On a opté pour une solution pratique. En fait, initialement, il y avait deux classes distinctes. Le mur mitoyen a été supprimé et remplacé par un volet que l'on peut donc ouvrir ou fermer selon nos besoins. Cette solution nous permet aussi parfois de mettre en place un coenseignement en parallèle où chaque enseignant travaille avec une partie du groupe, dans un espace propre, puisqu'on peut alors séparer la classe. Dans ce cas-là , soit on fait des groupes de niveau, soit des sous-groupes restreints pour des raisons pratiques, par facilité. Ce volet permet de fermer la classe à certains moments. Dès lors, on peut dissocier les élèves qui ne veulent pas travailler et les mettre dans ce deuxième côté de la classe. On leur propose alors d'autres types de tâches, le plus souvent des exercices d'entrainement, de drill. Ceux qui veulent approfondir peuvent rester dans la première partie de la classe. D'autres élèves qui auraient décidé de ne pas travailler peuvent alors se réunir dans la deuxième partie de la classe et ainsi éviter de distraire les autres.
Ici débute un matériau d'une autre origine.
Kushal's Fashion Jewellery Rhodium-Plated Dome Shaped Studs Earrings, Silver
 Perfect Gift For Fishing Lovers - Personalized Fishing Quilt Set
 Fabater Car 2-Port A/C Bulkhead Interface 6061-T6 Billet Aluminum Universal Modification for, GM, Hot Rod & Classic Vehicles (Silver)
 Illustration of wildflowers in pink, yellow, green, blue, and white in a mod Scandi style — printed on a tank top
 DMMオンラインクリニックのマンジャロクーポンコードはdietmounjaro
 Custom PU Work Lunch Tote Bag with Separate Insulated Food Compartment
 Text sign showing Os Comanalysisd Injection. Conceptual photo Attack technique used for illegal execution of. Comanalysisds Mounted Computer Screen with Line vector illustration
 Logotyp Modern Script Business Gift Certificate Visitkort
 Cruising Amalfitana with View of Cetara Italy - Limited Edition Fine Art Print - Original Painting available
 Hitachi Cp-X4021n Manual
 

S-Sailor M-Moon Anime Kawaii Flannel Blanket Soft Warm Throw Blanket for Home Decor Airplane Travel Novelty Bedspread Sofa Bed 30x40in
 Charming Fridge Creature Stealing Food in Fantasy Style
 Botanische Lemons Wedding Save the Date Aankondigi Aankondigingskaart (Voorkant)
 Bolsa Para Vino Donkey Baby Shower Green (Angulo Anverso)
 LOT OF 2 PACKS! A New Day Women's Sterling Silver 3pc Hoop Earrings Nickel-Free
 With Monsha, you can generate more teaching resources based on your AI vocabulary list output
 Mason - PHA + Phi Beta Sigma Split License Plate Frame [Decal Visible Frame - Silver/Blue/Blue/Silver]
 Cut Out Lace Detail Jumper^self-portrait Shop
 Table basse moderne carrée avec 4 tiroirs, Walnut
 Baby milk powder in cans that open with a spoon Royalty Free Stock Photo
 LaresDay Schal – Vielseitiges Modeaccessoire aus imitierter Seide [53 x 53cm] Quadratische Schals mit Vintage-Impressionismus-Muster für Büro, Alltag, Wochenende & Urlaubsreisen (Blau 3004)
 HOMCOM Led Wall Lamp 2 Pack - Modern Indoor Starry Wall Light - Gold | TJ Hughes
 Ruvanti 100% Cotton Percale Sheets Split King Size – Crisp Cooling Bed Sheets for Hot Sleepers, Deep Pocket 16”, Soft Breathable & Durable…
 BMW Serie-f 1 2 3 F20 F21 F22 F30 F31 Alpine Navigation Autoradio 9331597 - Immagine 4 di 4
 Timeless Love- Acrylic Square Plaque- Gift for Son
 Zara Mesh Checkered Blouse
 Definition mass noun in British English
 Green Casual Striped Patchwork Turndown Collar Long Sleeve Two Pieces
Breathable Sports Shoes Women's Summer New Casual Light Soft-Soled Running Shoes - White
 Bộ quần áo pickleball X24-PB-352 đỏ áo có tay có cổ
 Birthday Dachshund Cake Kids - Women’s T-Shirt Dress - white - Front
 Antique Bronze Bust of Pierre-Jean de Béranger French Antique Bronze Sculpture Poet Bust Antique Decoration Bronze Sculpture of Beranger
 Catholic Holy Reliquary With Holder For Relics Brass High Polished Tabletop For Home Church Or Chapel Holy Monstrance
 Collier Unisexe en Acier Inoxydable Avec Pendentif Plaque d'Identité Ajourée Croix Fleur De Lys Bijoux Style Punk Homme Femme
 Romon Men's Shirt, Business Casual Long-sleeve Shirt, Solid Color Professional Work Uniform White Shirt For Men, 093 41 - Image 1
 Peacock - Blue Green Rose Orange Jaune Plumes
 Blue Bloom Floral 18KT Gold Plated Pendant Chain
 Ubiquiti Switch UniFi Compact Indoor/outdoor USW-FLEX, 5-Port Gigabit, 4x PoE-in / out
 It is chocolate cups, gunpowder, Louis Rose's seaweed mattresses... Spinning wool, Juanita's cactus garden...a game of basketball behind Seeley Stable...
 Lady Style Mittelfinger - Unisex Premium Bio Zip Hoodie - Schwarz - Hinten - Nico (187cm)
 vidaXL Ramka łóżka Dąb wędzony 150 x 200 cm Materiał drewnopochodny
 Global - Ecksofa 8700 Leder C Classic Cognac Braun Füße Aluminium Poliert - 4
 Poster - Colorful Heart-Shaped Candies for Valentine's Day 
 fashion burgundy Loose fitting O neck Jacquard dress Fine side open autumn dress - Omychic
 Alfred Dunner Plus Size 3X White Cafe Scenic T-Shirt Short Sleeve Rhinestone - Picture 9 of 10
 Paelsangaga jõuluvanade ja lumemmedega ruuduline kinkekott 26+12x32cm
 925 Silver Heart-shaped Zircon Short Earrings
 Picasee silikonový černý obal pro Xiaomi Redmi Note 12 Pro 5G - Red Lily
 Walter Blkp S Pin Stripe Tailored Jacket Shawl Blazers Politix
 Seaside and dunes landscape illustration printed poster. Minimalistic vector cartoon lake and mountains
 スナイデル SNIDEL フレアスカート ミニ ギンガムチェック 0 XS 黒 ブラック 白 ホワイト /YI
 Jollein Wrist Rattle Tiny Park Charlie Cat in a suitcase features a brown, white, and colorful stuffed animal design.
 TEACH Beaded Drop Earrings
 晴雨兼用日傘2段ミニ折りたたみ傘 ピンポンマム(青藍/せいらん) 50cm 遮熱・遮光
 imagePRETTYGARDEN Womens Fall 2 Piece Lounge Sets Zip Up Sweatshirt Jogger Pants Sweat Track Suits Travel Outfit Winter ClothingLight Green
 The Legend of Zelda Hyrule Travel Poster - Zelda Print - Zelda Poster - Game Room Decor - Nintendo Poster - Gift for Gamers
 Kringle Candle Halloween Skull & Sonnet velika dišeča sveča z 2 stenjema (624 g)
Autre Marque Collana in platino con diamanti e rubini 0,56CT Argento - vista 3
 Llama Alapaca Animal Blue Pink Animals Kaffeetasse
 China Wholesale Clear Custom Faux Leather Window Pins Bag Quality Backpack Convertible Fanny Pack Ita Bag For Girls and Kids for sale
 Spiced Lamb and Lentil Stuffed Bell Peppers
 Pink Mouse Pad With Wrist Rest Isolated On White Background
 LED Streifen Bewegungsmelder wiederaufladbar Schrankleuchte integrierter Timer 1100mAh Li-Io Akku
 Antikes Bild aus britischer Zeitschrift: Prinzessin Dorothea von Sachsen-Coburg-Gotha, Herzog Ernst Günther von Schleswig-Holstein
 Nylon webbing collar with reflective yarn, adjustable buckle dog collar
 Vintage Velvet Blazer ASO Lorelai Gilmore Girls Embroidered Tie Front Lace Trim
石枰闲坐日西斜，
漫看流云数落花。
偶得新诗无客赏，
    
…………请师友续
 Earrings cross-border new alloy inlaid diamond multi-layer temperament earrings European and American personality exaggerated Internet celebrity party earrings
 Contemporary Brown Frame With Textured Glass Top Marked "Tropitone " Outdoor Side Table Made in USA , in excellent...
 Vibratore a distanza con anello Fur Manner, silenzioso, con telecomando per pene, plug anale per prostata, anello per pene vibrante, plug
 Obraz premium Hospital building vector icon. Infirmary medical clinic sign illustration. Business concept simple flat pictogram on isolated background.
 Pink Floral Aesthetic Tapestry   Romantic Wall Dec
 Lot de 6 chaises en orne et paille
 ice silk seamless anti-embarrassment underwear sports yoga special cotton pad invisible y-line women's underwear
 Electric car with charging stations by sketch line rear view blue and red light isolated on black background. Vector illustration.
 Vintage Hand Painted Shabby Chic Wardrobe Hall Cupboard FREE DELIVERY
- Il y a t-il des objectifs qui sont fixés pour les élèves ? Comment gèrent-ils leurs apprentissages ?
Au début de l'année, les titulaires ont construit une charte avec les élèves afin de fixer collectivement les objectifs. Les attendus n'ont pas été imposés par les enseignants, mais coconstruits avec les élèves. Malheureusement, cela ne porte pas toujours ses fruits, car si un élève refuse d'y adhérer, il n'a pas de sanction. C'est vraiment basé sur son autonomie et son envie d'apprendre. C'est un choix volontaire de ne pas sanctionner les élèves : on ne veut pas tomber dans un dispositif coercitif.
Charte construire avec la classe des 2L
Face au manque d'implication de certains élèves, nous avons alors opté pour la création d'un coin « Bob l'éponge ». Si un élève n'a pas son matériel, n'est pas en ordre ou a exprimé son refus de travailler, alors il est dirigé vers ce coin « calme » où diverses activités sont mises à sa disposition (ex : coloriage de mandalas, …). Quand un élève est trop distrait ou lorsqu'il déconcentre trop les autres élèves de la classe, on l'envoie 10 minutes là -bas. Quand il revient, il est davantage disponible pour travailler. C'est une espèce de « sas calmant » et cela fonctionne bien pour certains élèves.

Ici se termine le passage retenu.